The Entropy Plague
By Jonathan Morris
Starring: Peter Davison, Janet Fielding,
Mark Strickson and Sarah Sutton
There’s a lot to enjoy in The Entropy Plague. The TARDIS crew are forced to join a ragtag bunch of refugees desperately trying to escape from E-Space, while the ravages of entropy take hold. Making another forced landing on the planet Apollyon, The Doctor, Nyssa and Turlough go on the trail to try and find Tegan, following her sudden kidnapping during their escapades on Isenfel.
They find a society under extreme pressure, clinging to survival, yet infused by an almost celebratory sense of fatalism. There’s an escape route available, controlled by scientist Pallister in his citadel, guarded by his small army of sentinels. Departure from Apollyon requires that a macabre price be paid. The Doctor and his friends actually succeed in finding Tegan fairly early on in this adventure - turns out she’s been kidnapped by a crew of space pirates.
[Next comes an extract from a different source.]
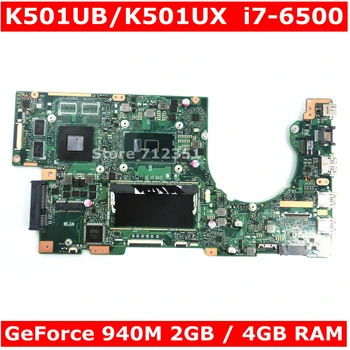 K501UB i7-6500 CPU GT940M 2GB VRAM 4 gb RAM Doske REV 2.0 Pre ASUS K501UX K501UB K501U notebook doske Testované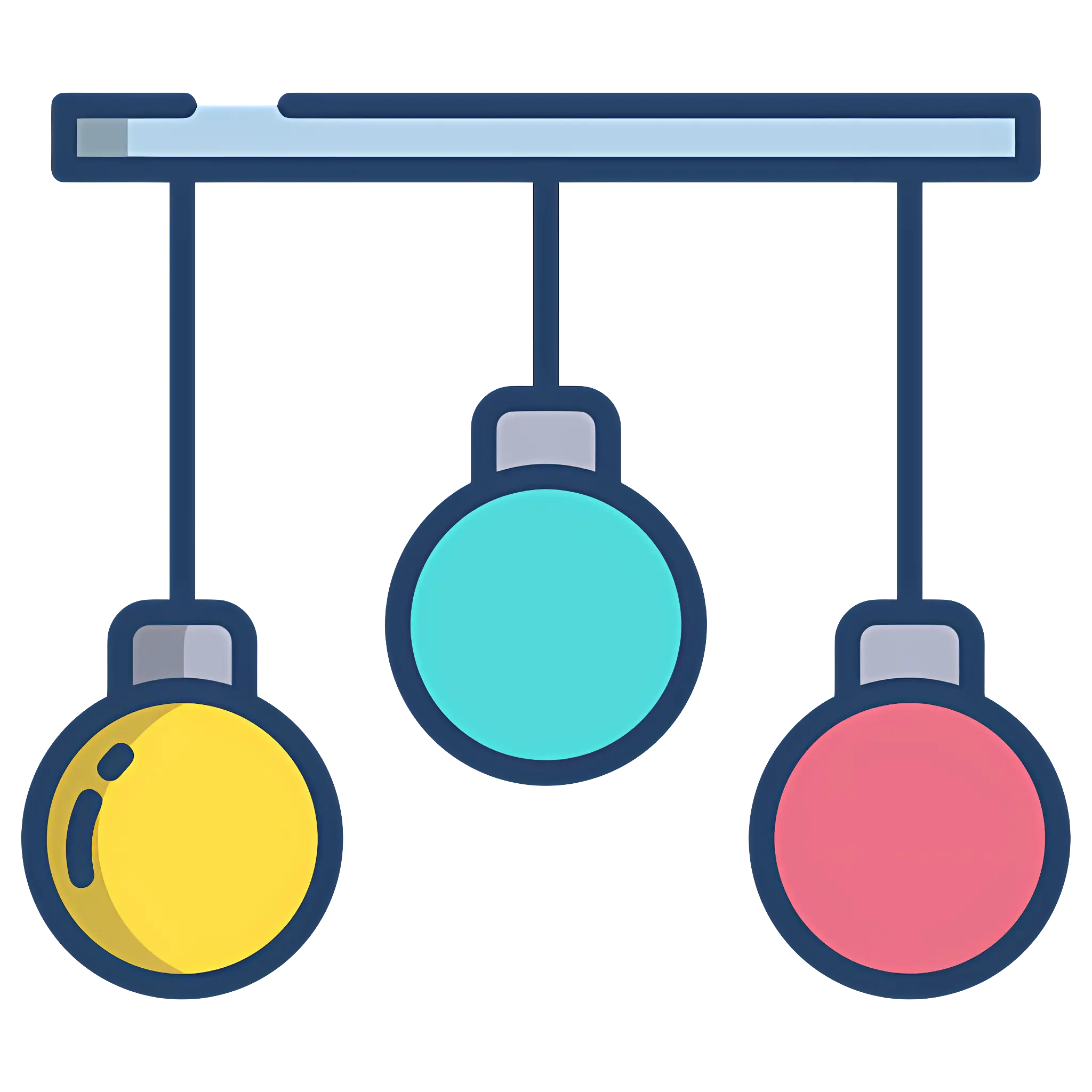 Colorful Hanging Lights for Home Decor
And that’s the point where my enjoyment of The Entropy Plague foundered. There’s absolutely nothing wrong with an adventure that mixes things up a bit, and as Doctor Who has demonstrated on countless occasions, bizarre juxtapositions can work very well. However, a swashbuckling, bloodthirsty band, “Ha-HARRRGH”-ing for all they’re worth, speaking in pirate patois: I’m afraid it felt to me as if they’d blundered into the middle of the wrong adventure. It’s perhaps understandable to attempt to bring some levity to what is a bleak and, at times, shocking tale, but I’d have happily enjoyed the adventure without the pirates in it at all.
Pallister exerts an iron control on the only route out of E-Space, or perhaps more accurately, iron-clad, in the form of his steam-and-clockwork powered robots. Robert Duncan brings just the right level of dangerous charm to an individual who has after all, maintained his stranglehold over the Apollyon portal back into N-Space in truly desperate times.
In truth though, the charm runs thin. Pallister has no hesitation in indiscriminately turning the firepower of his robotic sentinels against the refugee populace, the same populace which provides the power source for his portal-controlling machinery, in the truly grotesque form of human batteries. And as if things couldn’t get any worse, there’s the fearful prospect of roving Sandmen, spreading the titular plague amongst the camps outside Pallister’s citadel. Jonathan Morris introduces so many powerful images and concepts into this adventure, providing much for the listener to enjoy.
This really should be Nyssa’s story, considering the eventual outcome. The horror of seeing at close quarters the effects of entropy upon others, particularly knowing what happened to her home planet and the sacrifice she makes for her friends, knowing she’ll never see her children again remind the listener of the ordeals the Trakenite has faced.
It’s a shame then, about those pirates.